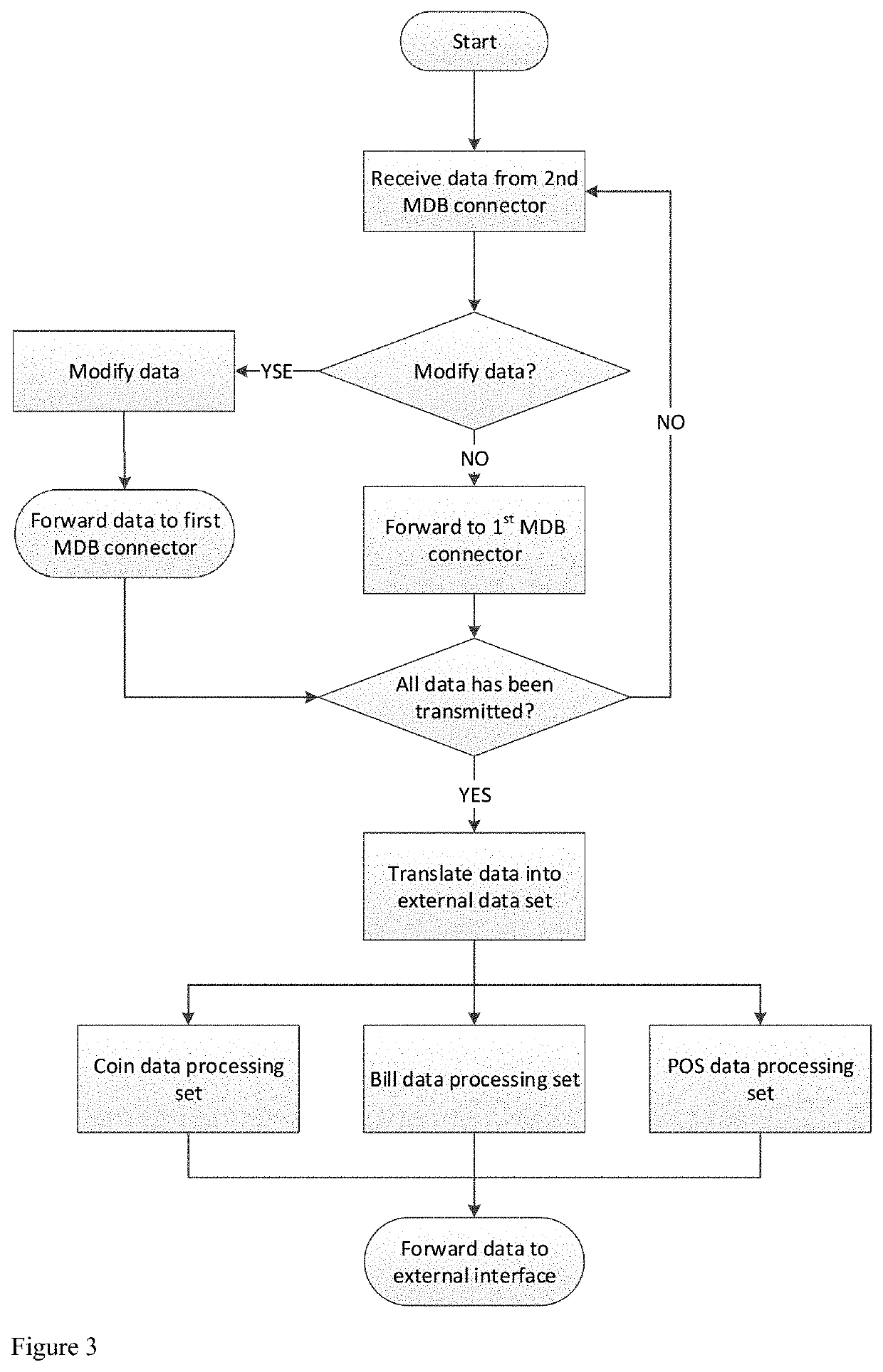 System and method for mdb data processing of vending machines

...

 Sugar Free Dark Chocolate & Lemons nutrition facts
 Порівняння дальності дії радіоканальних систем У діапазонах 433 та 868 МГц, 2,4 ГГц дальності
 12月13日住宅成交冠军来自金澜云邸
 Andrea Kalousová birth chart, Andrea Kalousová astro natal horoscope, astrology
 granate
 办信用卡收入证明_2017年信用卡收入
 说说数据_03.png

--

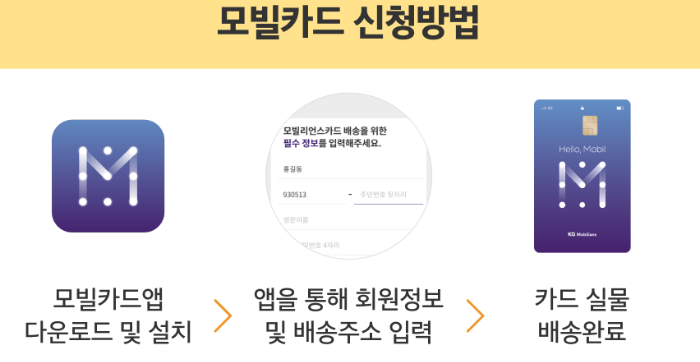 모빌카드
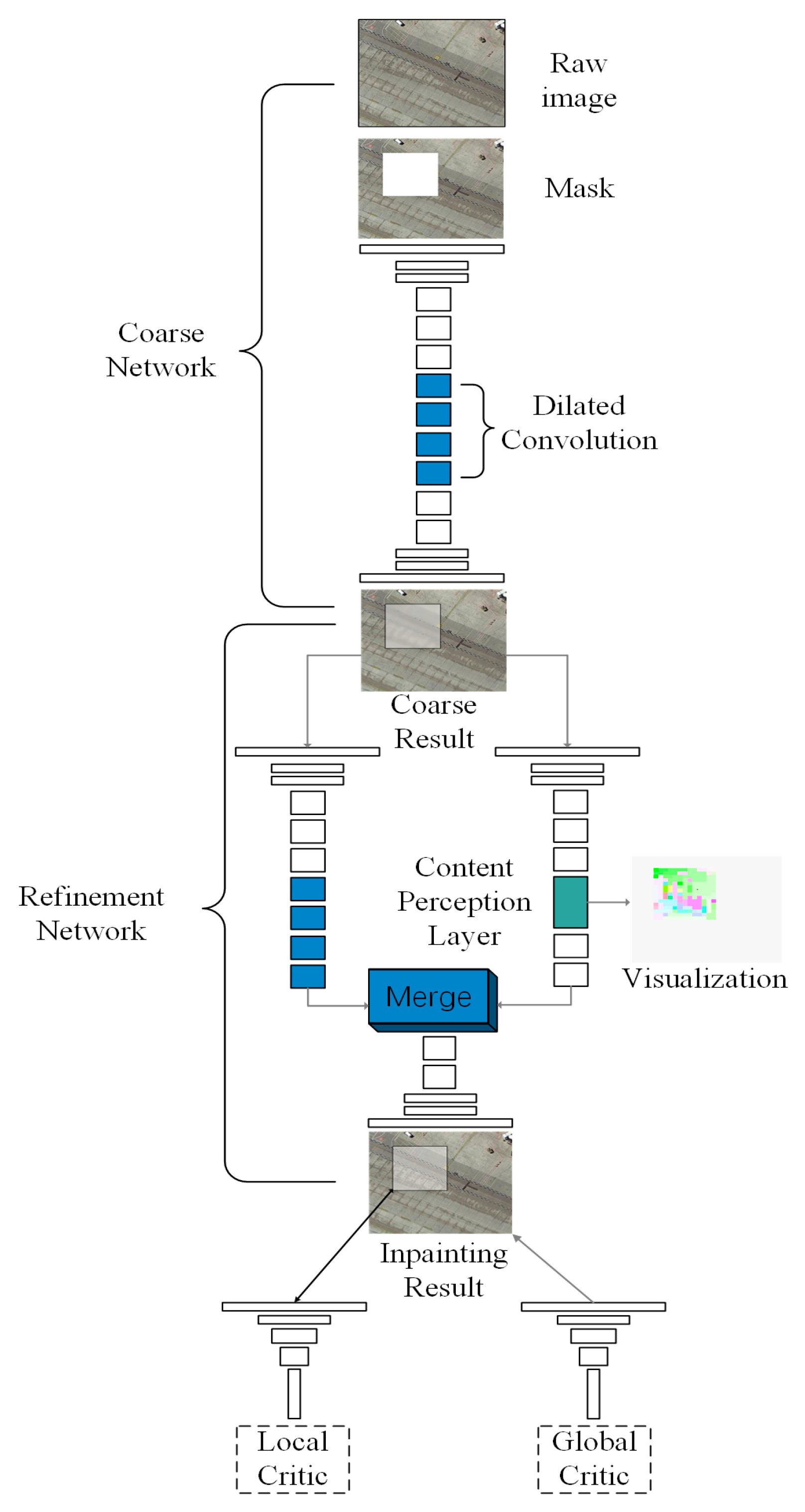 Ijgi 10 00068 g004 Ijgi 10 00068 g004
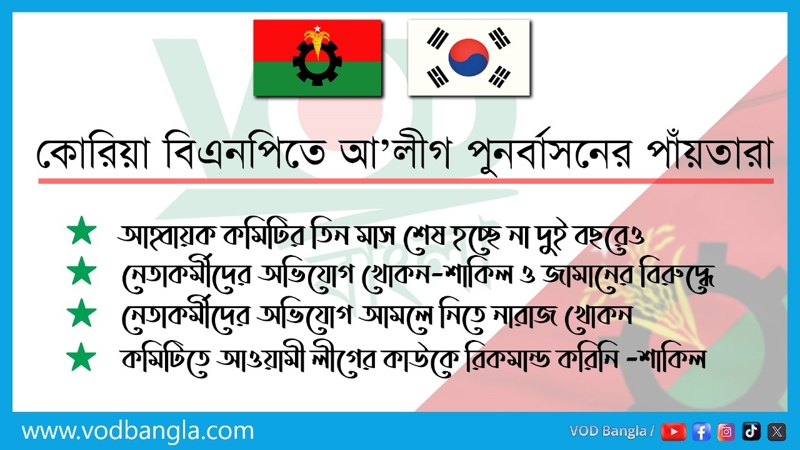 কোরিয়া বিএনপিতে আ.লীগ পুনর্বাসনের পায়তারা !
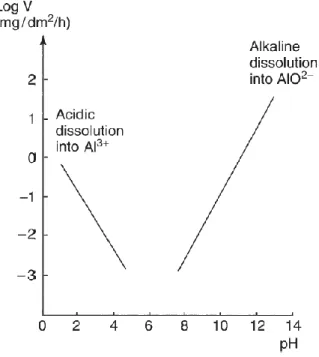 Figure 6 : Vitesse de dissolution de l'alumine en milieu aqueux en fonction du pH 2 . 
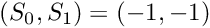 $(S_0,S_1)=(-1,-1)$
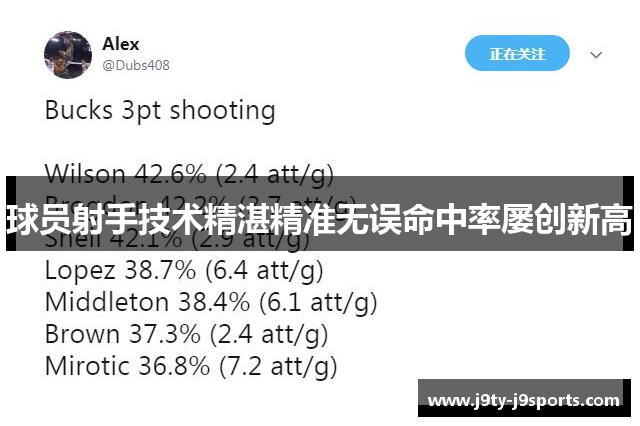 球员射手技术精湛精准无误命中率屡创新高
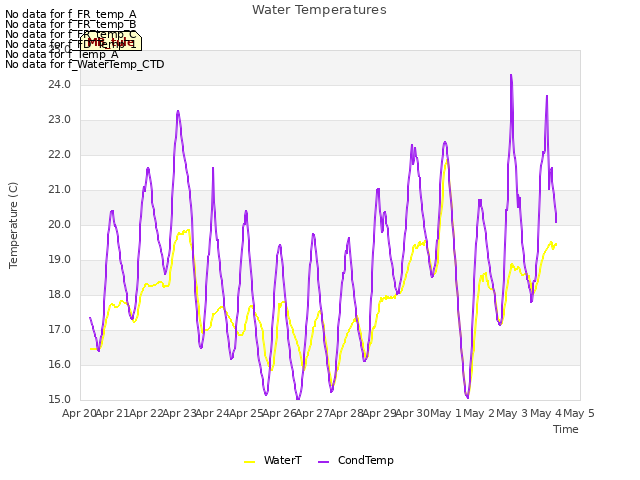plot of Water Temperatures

Exercise details – There is a run of lines above from the one with "Sugar Free Dark" to the one with "说说数据_03.png"; print exactly that run, both ends included, and nothing else.

Exercise answer –
 Sugar Free Dark Chocolate & Lemons nutrition facts
 Порівняння дальності дії радіоканальних систем У діапазонах 433 та 868 МГц, 2,4 ГГц дальності
 12月13日住宅成交冠军来自金澜云邸
 Andrea Kalousová birth chart, Andrea Kalousová astro natal horoscope, astrology
 granate
 办信用卡收入证明_2017年信用卡收入
 说说数据_03.png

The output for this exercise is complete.